▶ [Goal of the exercise]: The expected output is the line with "Aujourd’hui on reste" plus all lines after it to the end of the material below, reproduced exactly, with pictures omitted and nothing else included.
*** Records Section Begins ***
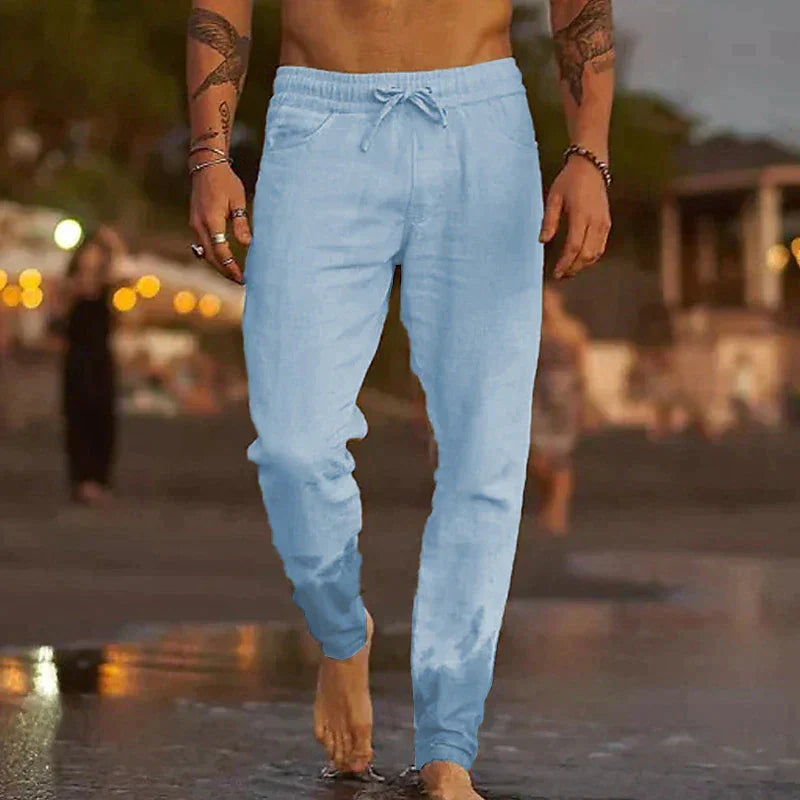 Basilio | Pantalón de Playa Informal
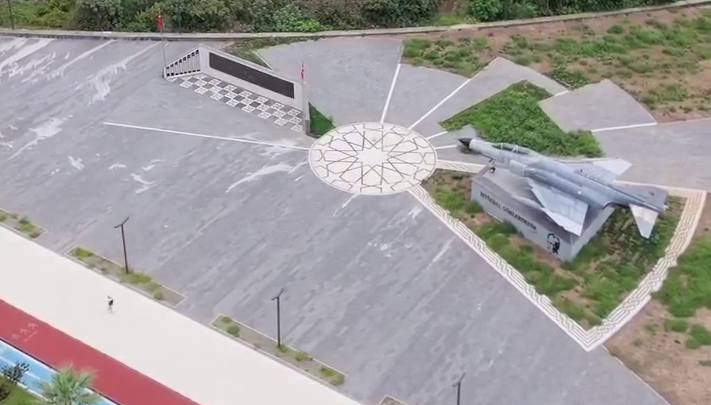Kurtuluş Anıtı Ve Yeni Tören Alanı Tamamlandı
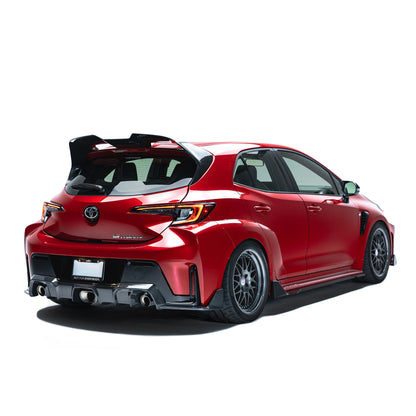 TOYOTA GR COROLLA CARBON FIBER REAR DIFFUSER ADRO US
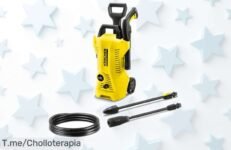 Hidrolimpiadora Kärcher K 2 Power Control con potencia brutal y kit completo para casa precio rebajado que no se repetirá limpieza eficaz garantizada ¡Date prisa que vuelan!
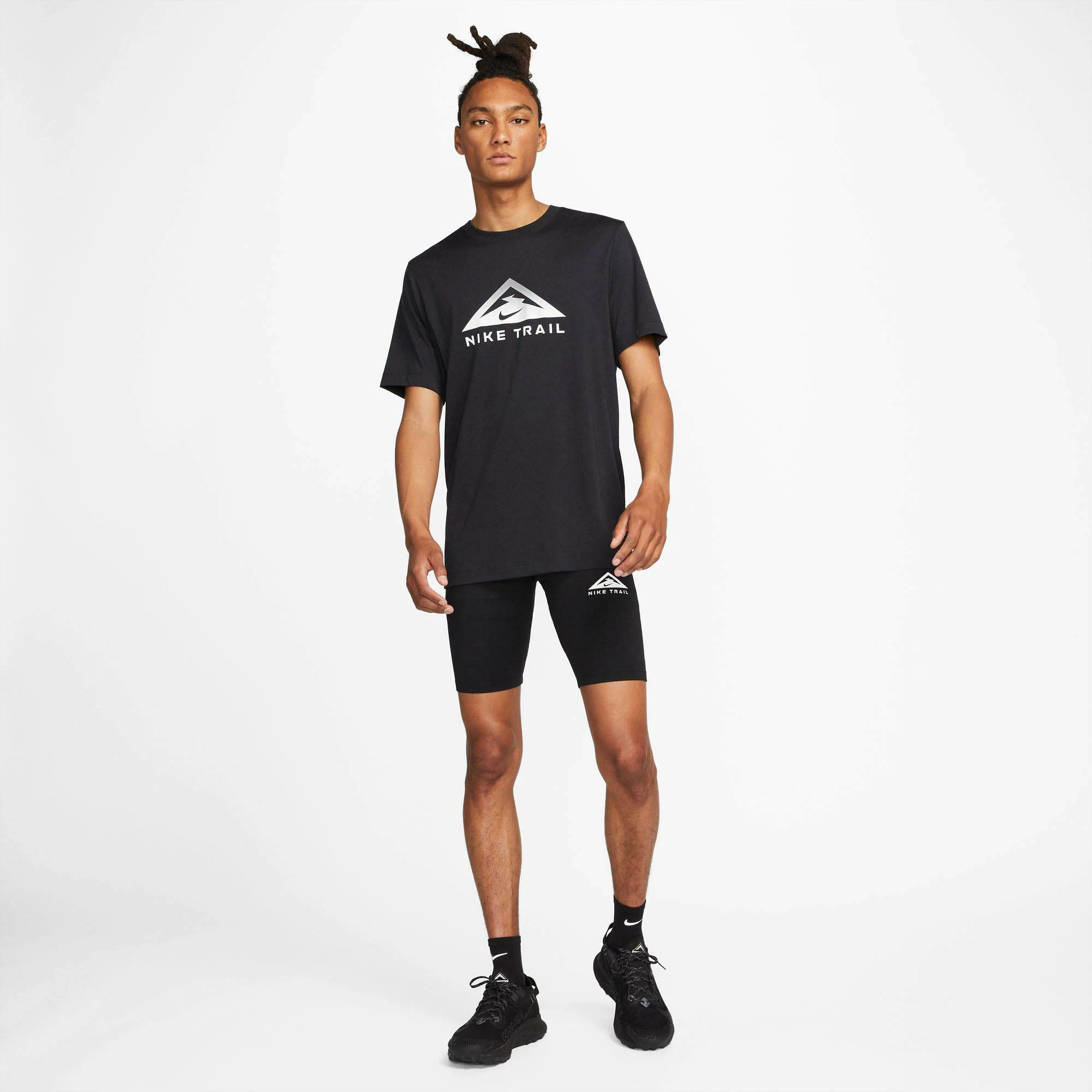 Nike | Men's DF Trail Half Tight 5 Nike | Men's DF Trail Half Tight - Image 3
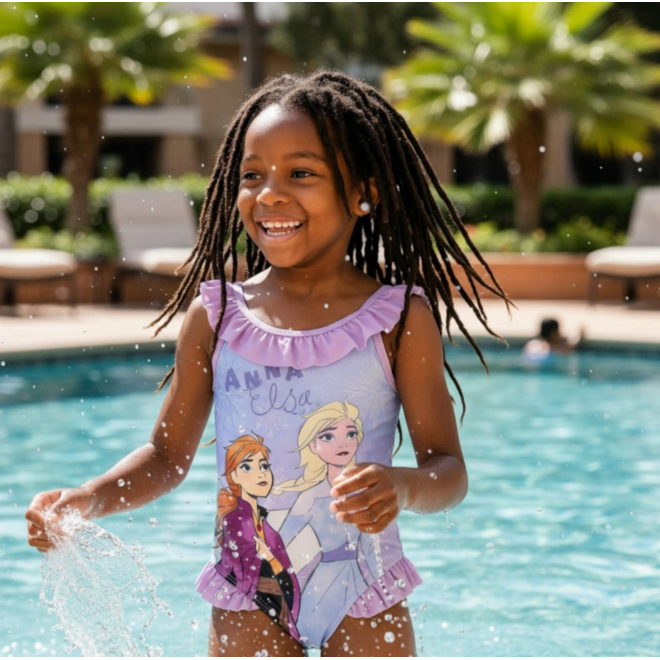Disney Frozen Badpak - Anna en Elsa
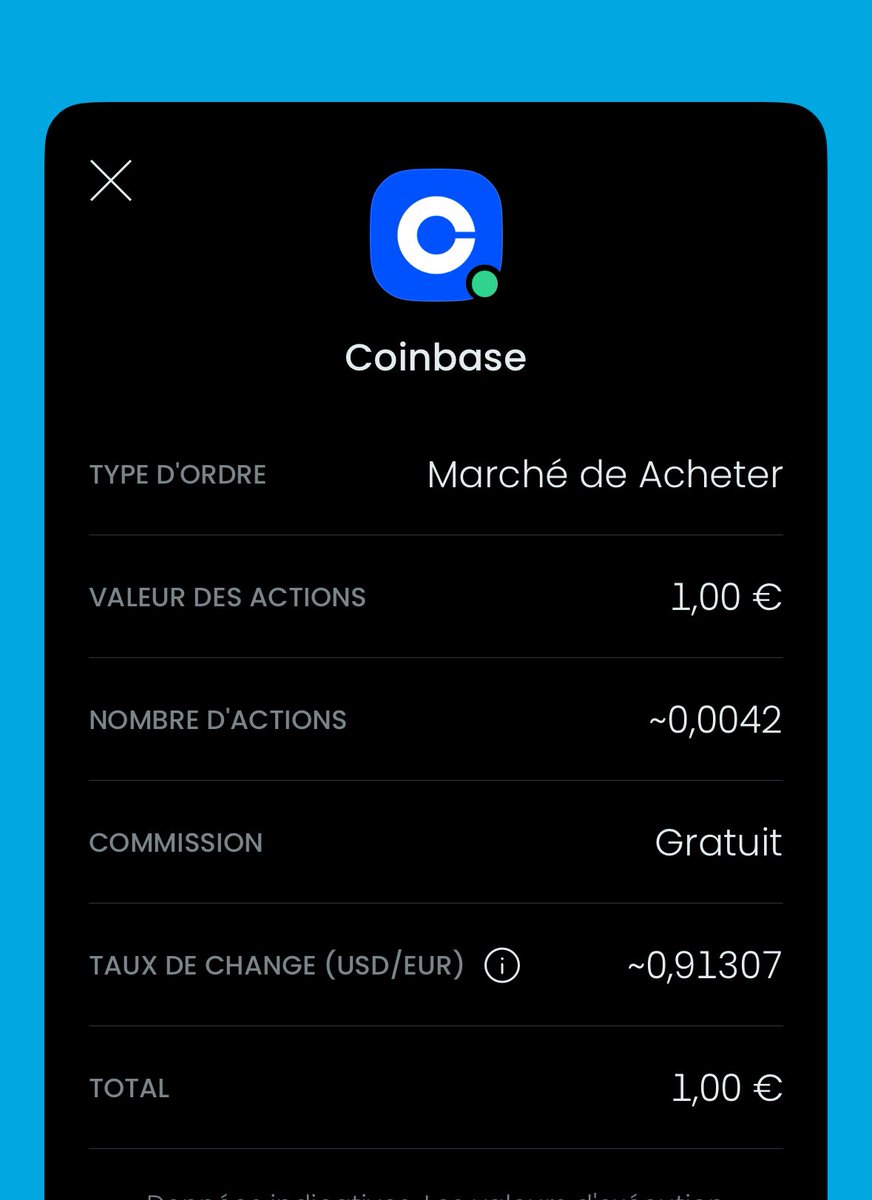 {NOISETTE DAY 19}

Bonjour à tous,

Aujourd’hui on reste en bourse mais on part du côté d’un géant de la crypto!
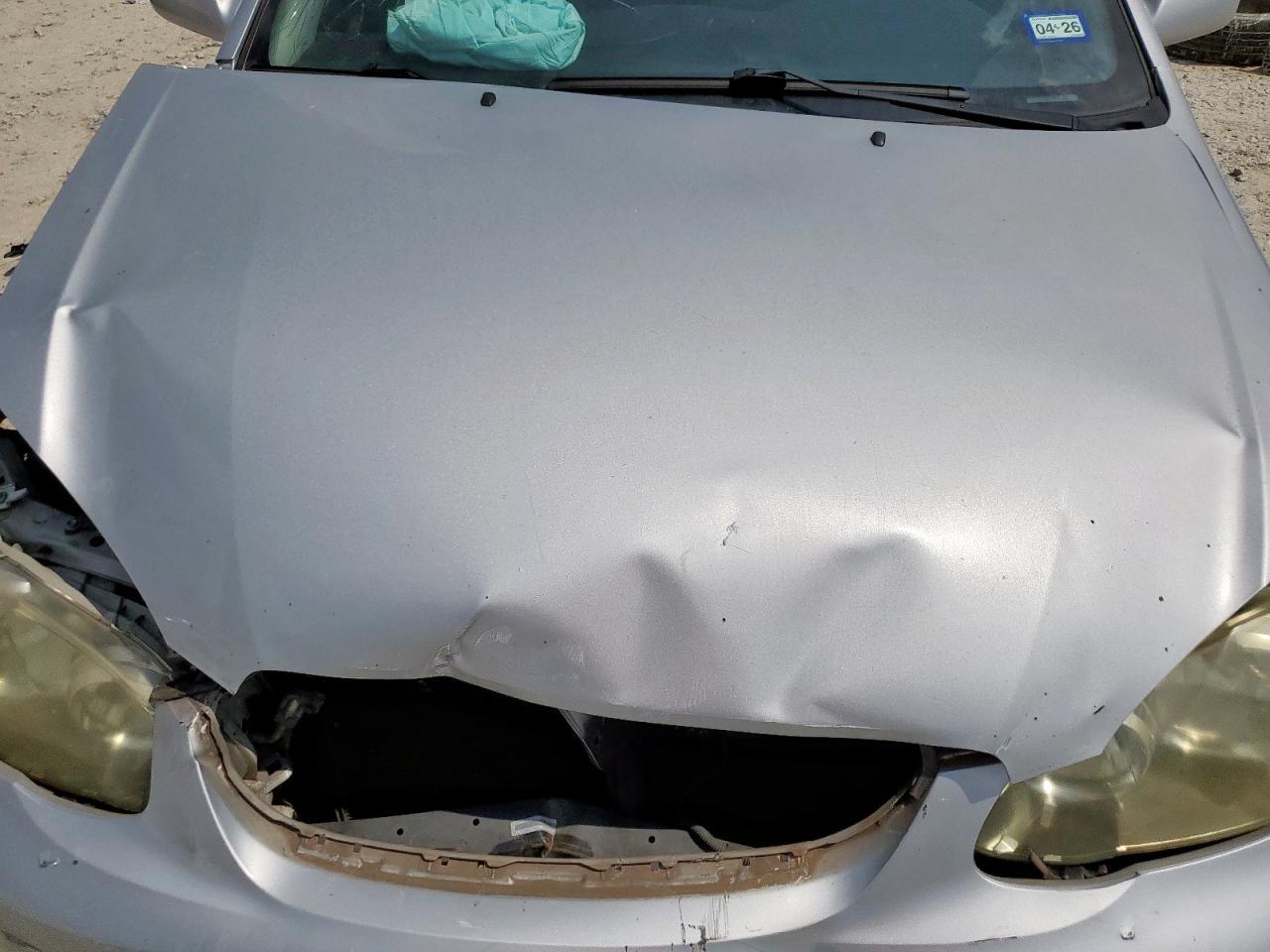 2008 TOYOTA COROLLA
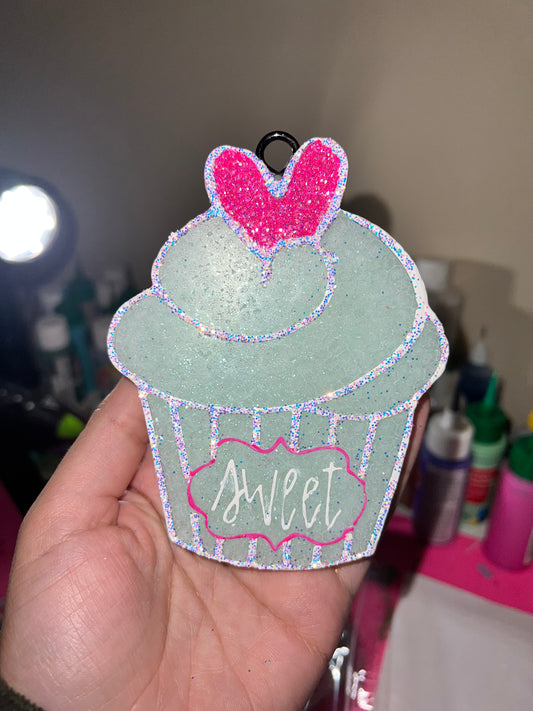 Cupcake Freshie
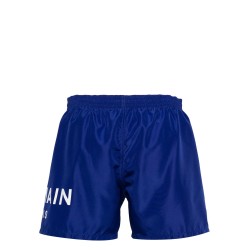 Logo-print swim shorts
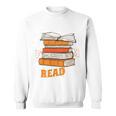 Book Lover Reading Hobby Fan Passion Geek Nerd Wizard Job Sweatshirt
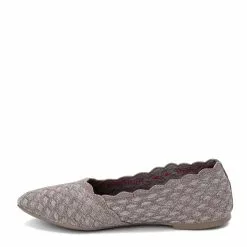 Women's Skechers, Cleo - Honeycomb Flat -Shoes Shop 1 682864 ZM 3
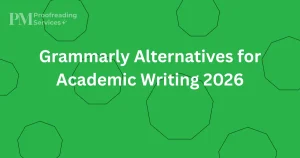 Grammarly Alternatives for Academic Writing 2026
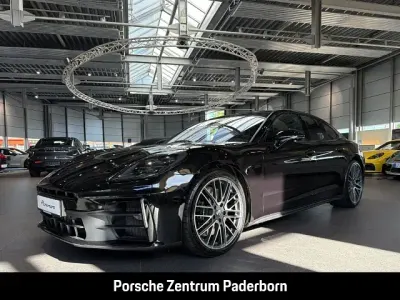 Neu Porsche Panamera 4 470 PS (345 kW) 2026 Schwarz Kleinwagen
*** Records Section Ends ***
▶ [Solution to the exercise]:
Aujourd’hui on reste en bourse mais on part du côté d’un géant de la crypto!
 2008 TOYOTA COROLLA
 Cupcake Freshie
 Logo-print swim shorts
 Book Lover Reading Hobby Fan Passion Geek Nerd Wizard Job Sweatshirt
 Women's Skechers, Cleo - Honeycomb Flat -Shoes Shop 1 682864 ZM 3
 Grammarly Alternatives for Academic Writing 2026
 Neu Porsche Panamera 4 470 PS (345 kW) 2026 Schwarz Kleinwagen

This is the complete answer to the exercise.